- _Task to complete_: Keeping every word the same, give again only the lines from the one with "Aukcja sprzedaży 1981" through the end of the data, both included, and leave every picture out.

- _Exercise materials_:
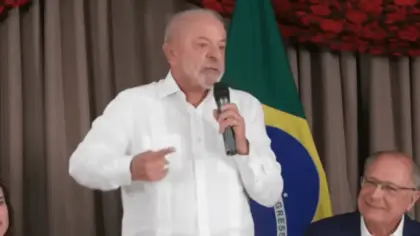 Lula declara-se antissistema e aponta crise no STF como obstáculo na campanha - Studio TV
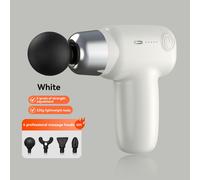 Xiaomi Mini Fascia Pistolet Relaxation Soulagement De La Douleur Musculaire Intelligent Type-C Rechargeable Silencieux Professionnel Masseur D'entraînement À Domicile - Type White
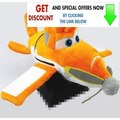 Discount New Disney Planes 11.5inch Planes Characters Dusty Plush Toy Doll Cute Review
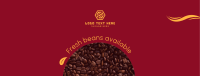 Coffee Beans Facebook Cover Design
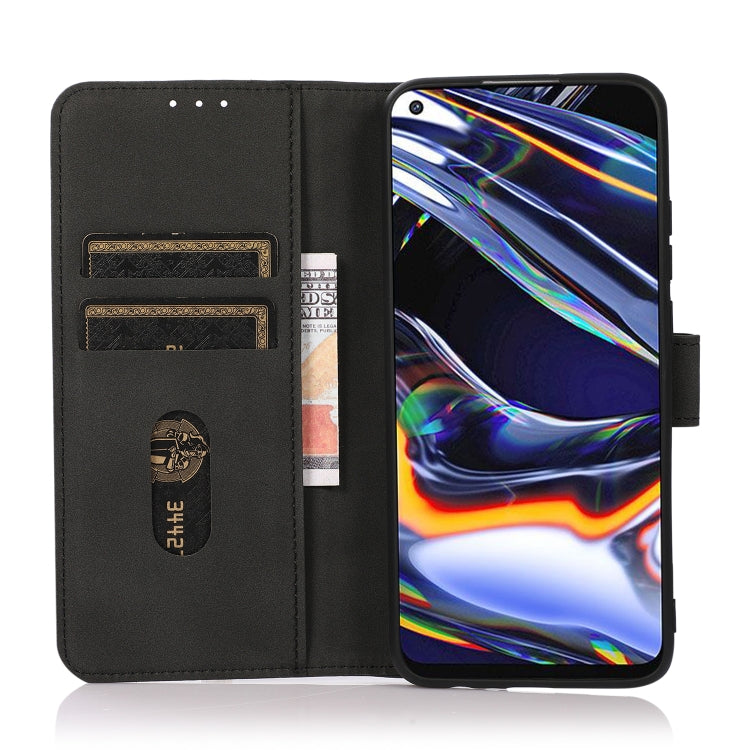For iPhone 16 Plus KHAZNEH Matte Texture Leather Phone Case(Black) - iPhone 16 Plus Cases by PMC TechLife | Online Shopping South Africa | PMC TechLife | Buy Now Pay Later Mobicred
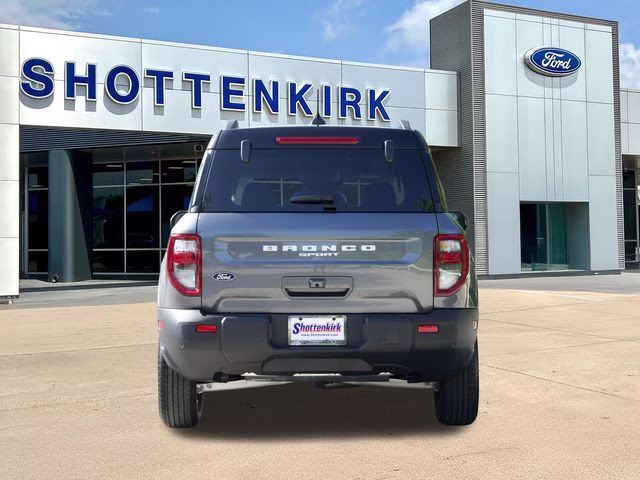 2026 Gray Ford Bronco Sport Outer Banks 4X4 SUV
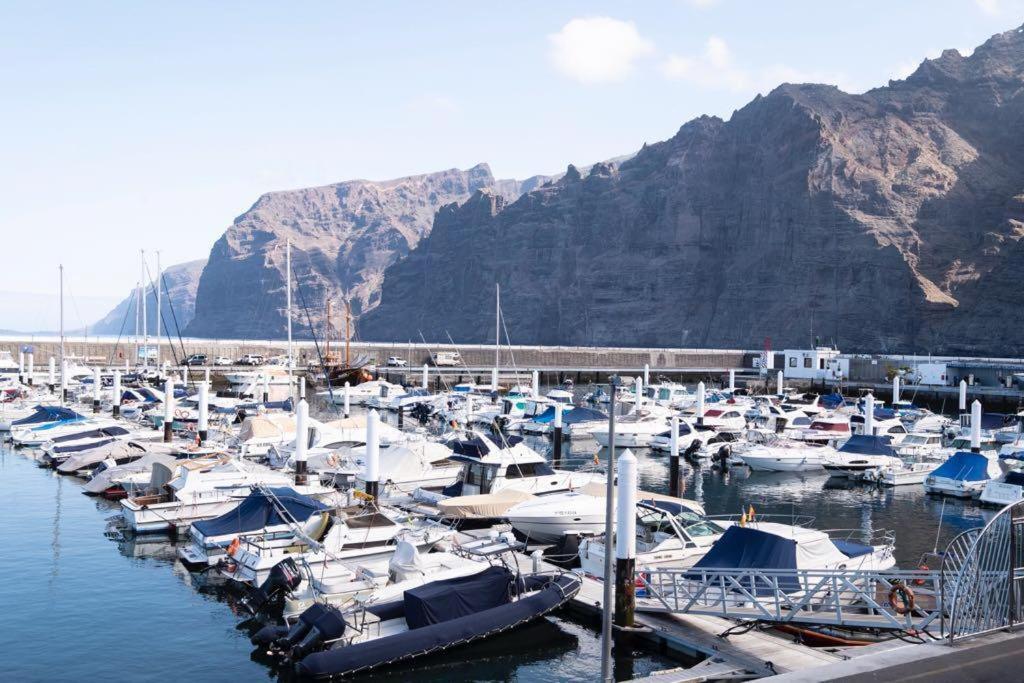 Los Gigantes, Front Line, Cute 2 Bedrooms Free Wifi Santiago del Teide Esterno foto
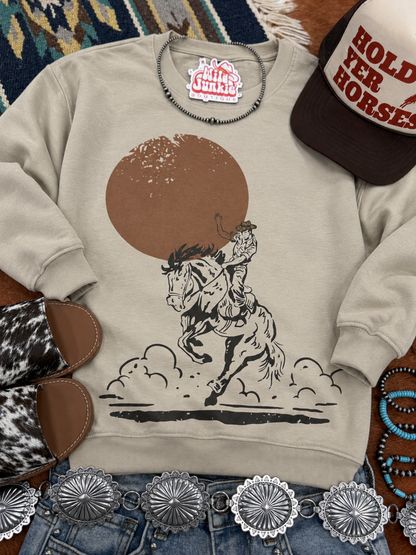 Dusty Trails Graphic SweatshirtSandS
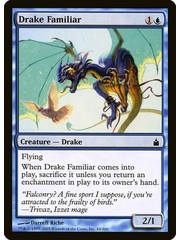 Magic: The Gathering Drake Familiar (044) Lightly Played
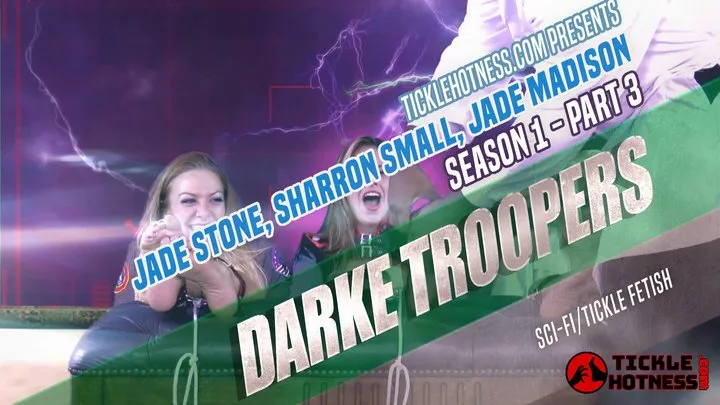 Darke Troopers - Season 1 - Part 3 - Q vs The Volume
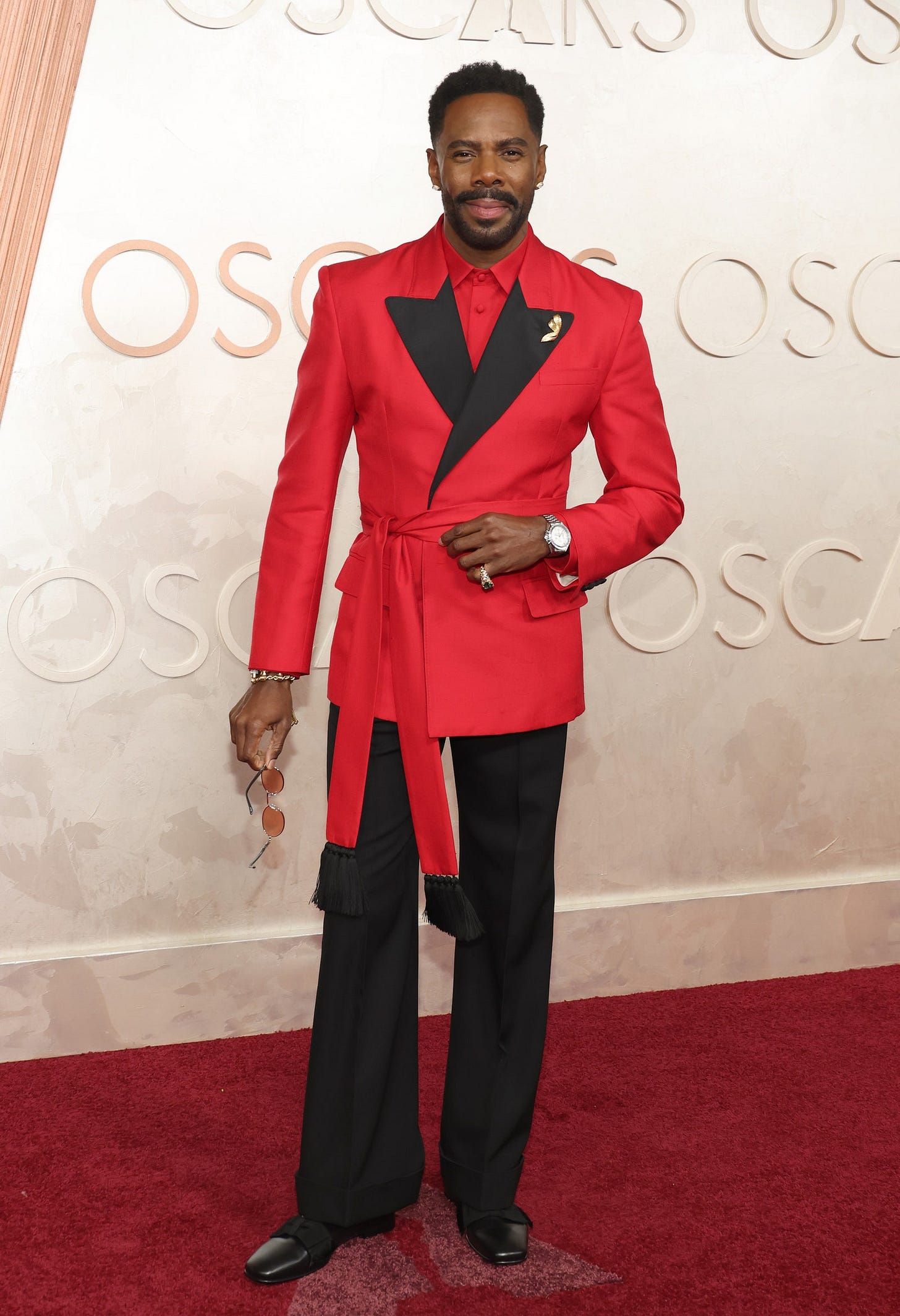 For Colman Domingo, Everything Is Coming Up Roses at the 2025 Oscars | Vogue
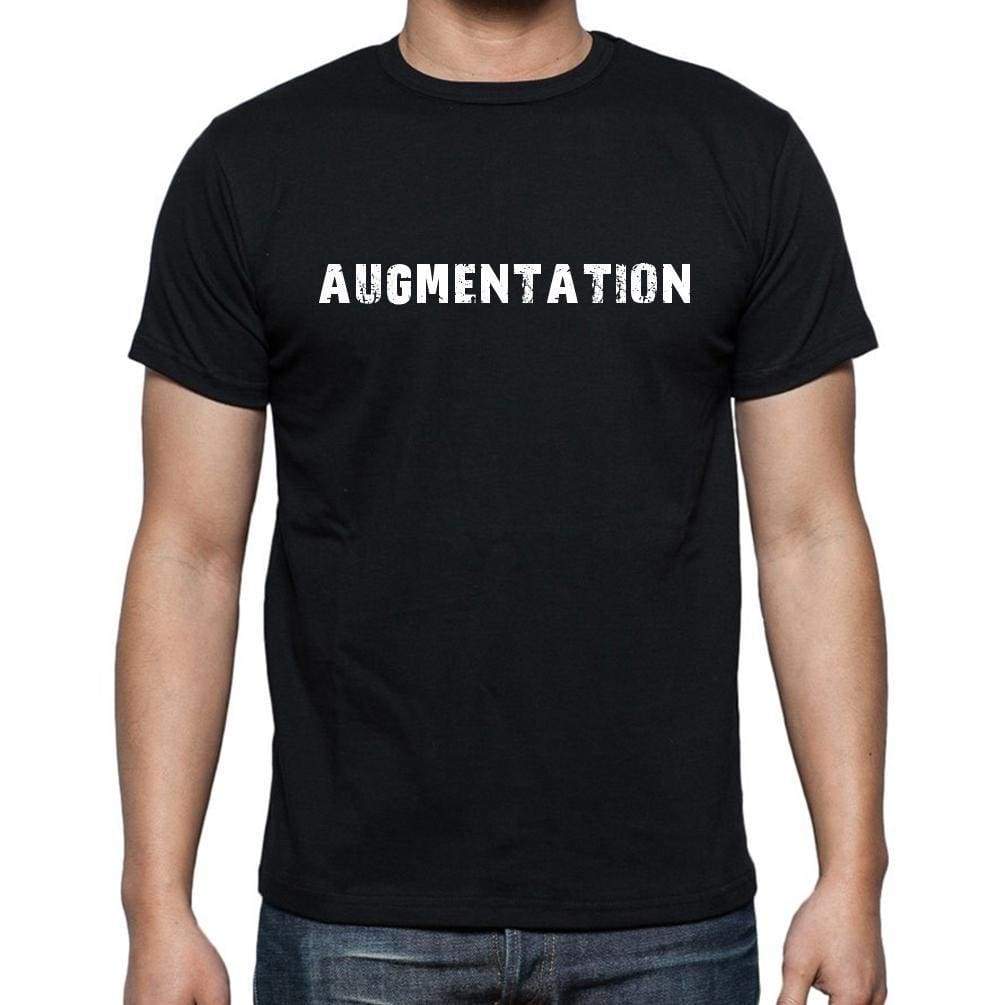 Augmentation French Dictionary Mens Short Sleeve Round Neck T-Shirt 00009 - Casual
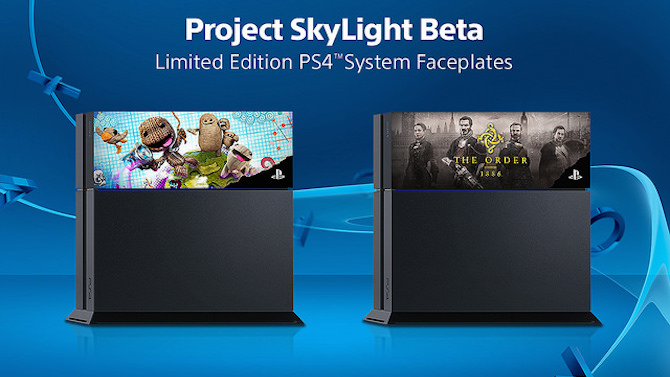 PS4 : Sony propose des façades interchangeables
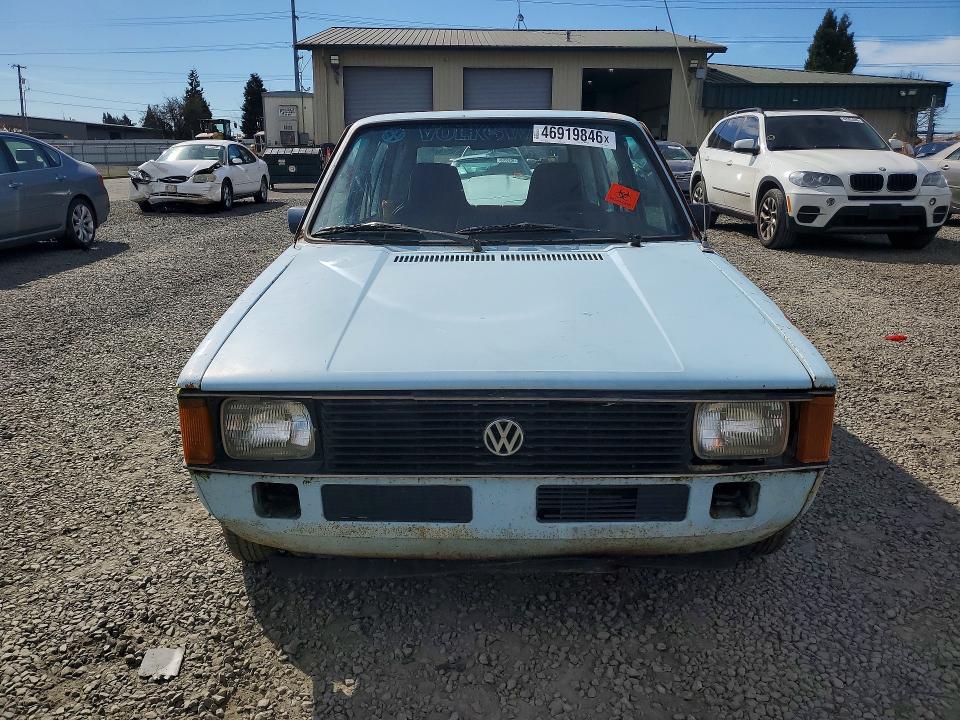 Aukcja sprzedaży 1981 Volkswagen Rabbit, vin: 1VWFG0171BV187043, numer aukcji: 46919846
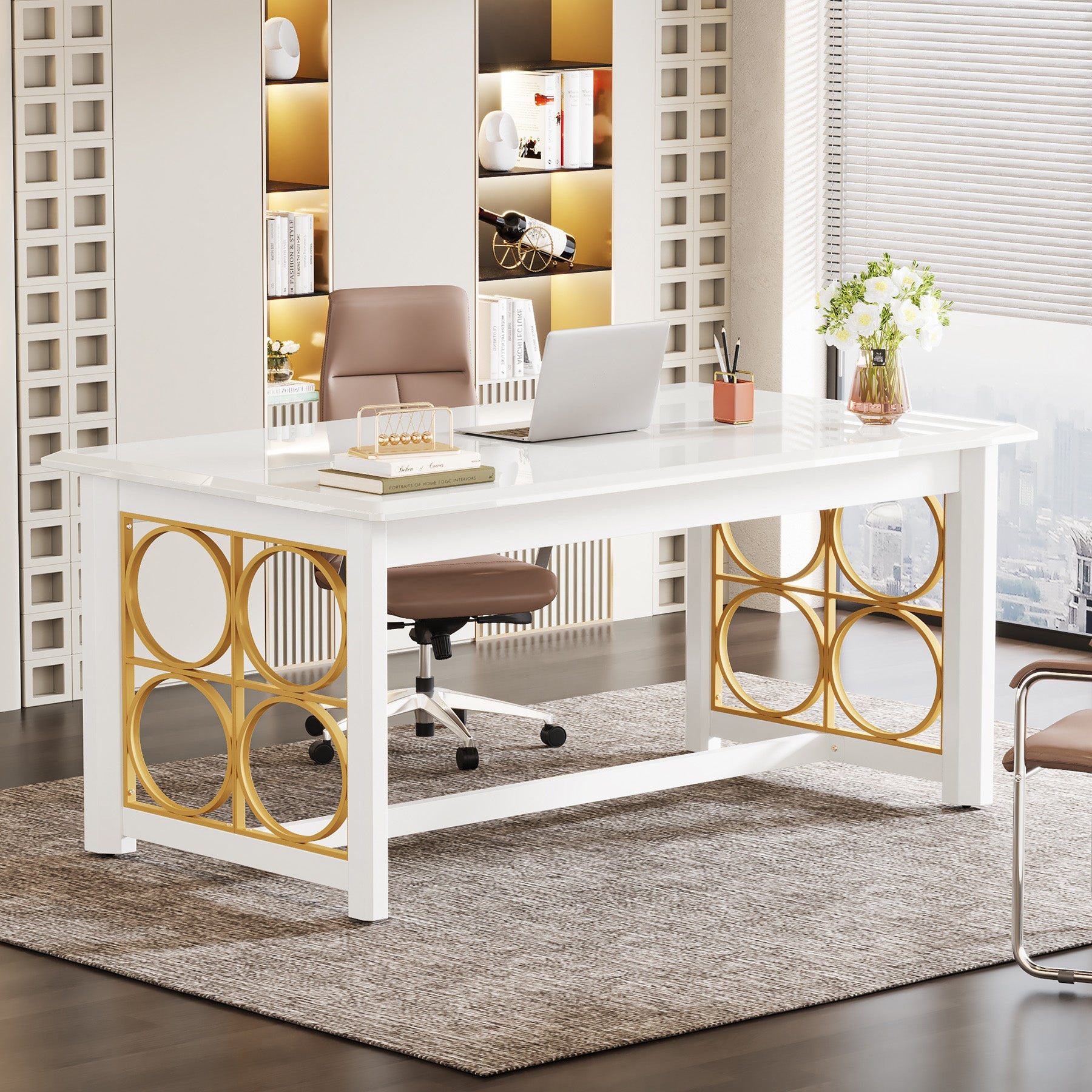 Modern Executive Desk, 63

- _Exercise answer_:
 Aukcja sprzedaży 1981 Volkswagen Rabbit, vin: 1VWFG0171BV187043, numer aukcji: 46919846
 Modern Executive Desk, 63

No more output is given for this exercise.